> _MATERIAL PROVIDED_

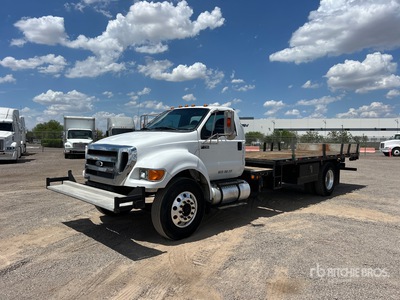 2013 Ford F-750 4x2 Autocarro cassone fisso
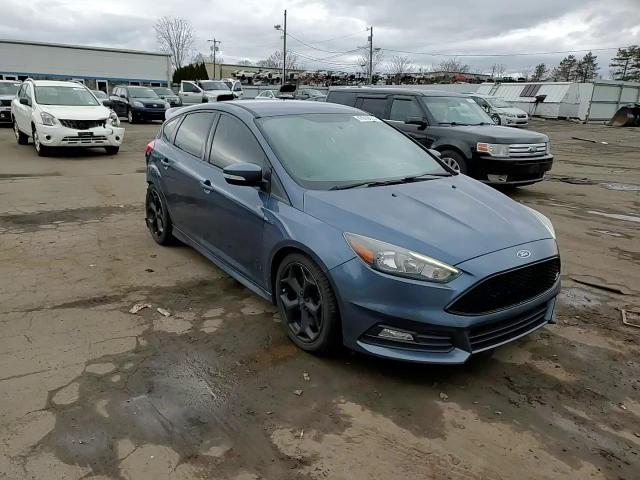 2018 Ford Focus - Image 10
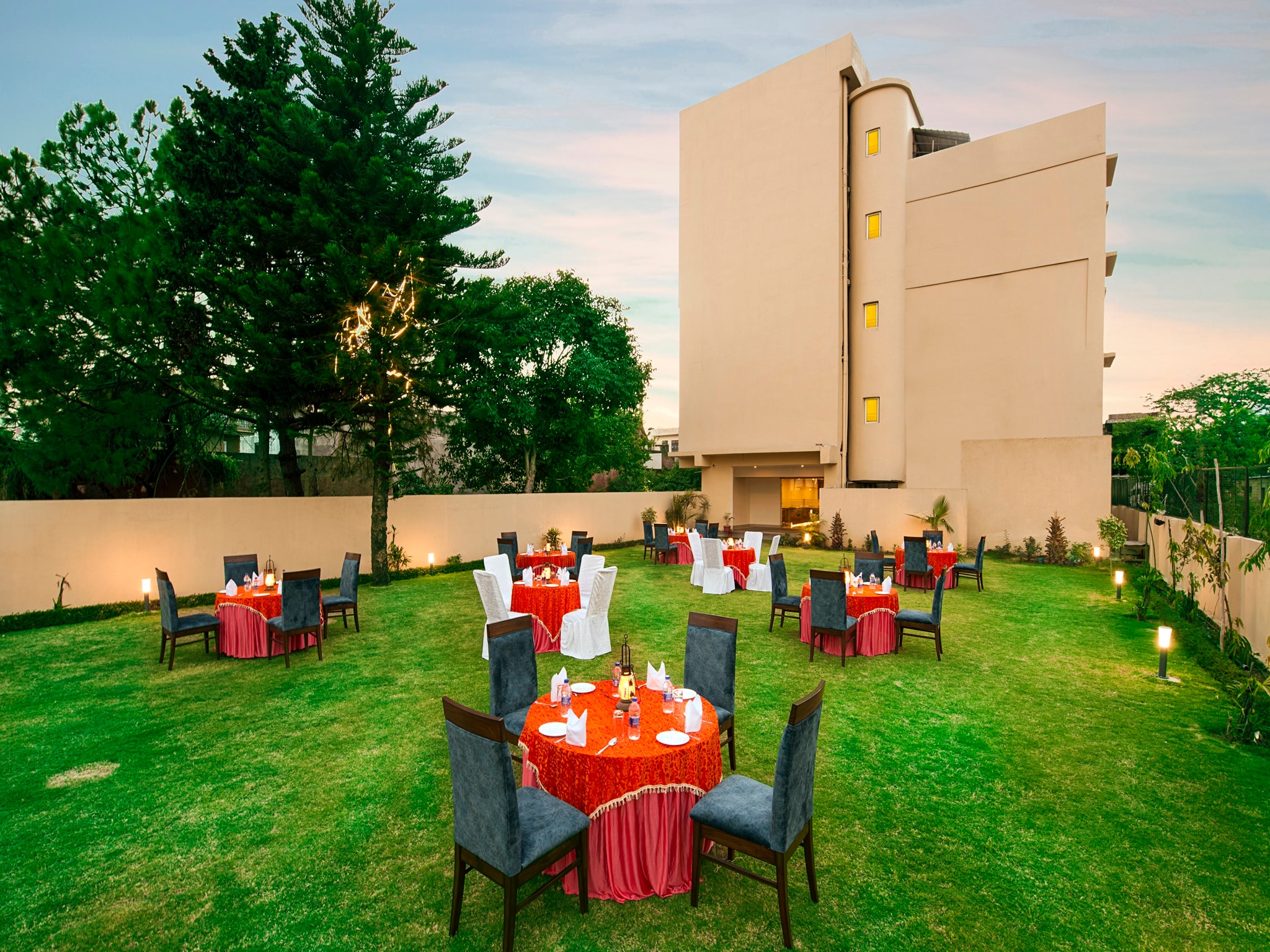 Clarks Inn Suites Katra - Tap to explore photos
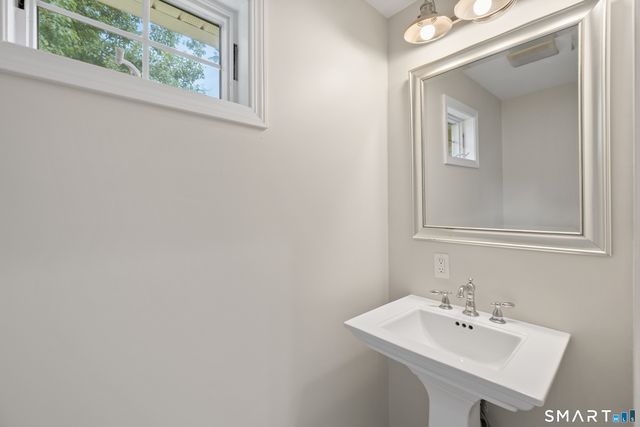 64 Red Top Drive, West Hartford, CT 06110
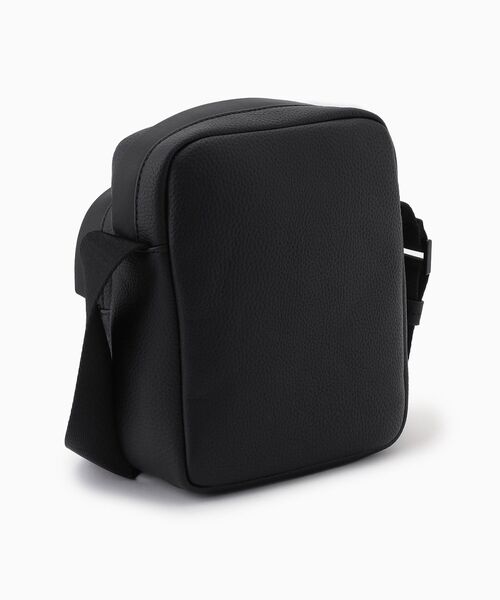 【新品】カルバンクライン リポーターバッグ ショルダーバッグ モノロゴ 黒 Calvin Klein（カルバン・クライン）の「CK マスト リポーターバッグ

> _WHAT YOU WILL DO_
Reproduce all of the data exactly; the pictures do not belong in the copy.

> _EXERCISE ANSWER_
 2013 Ford F-750 4x2 Autocarro cassone fisso
 2018 Ford Focus - Image 10
 Clarks Inn Suites Katra - Tap to explore photos
 64 Red Top Drive, West Hartford, CT 06110
 【新品】カルバンクライン リポーターバッグ ショルダーバッグ モノロゴ 黒 Calvin Klein（カルバン・クライン）の「CK マスト リポーターバッグ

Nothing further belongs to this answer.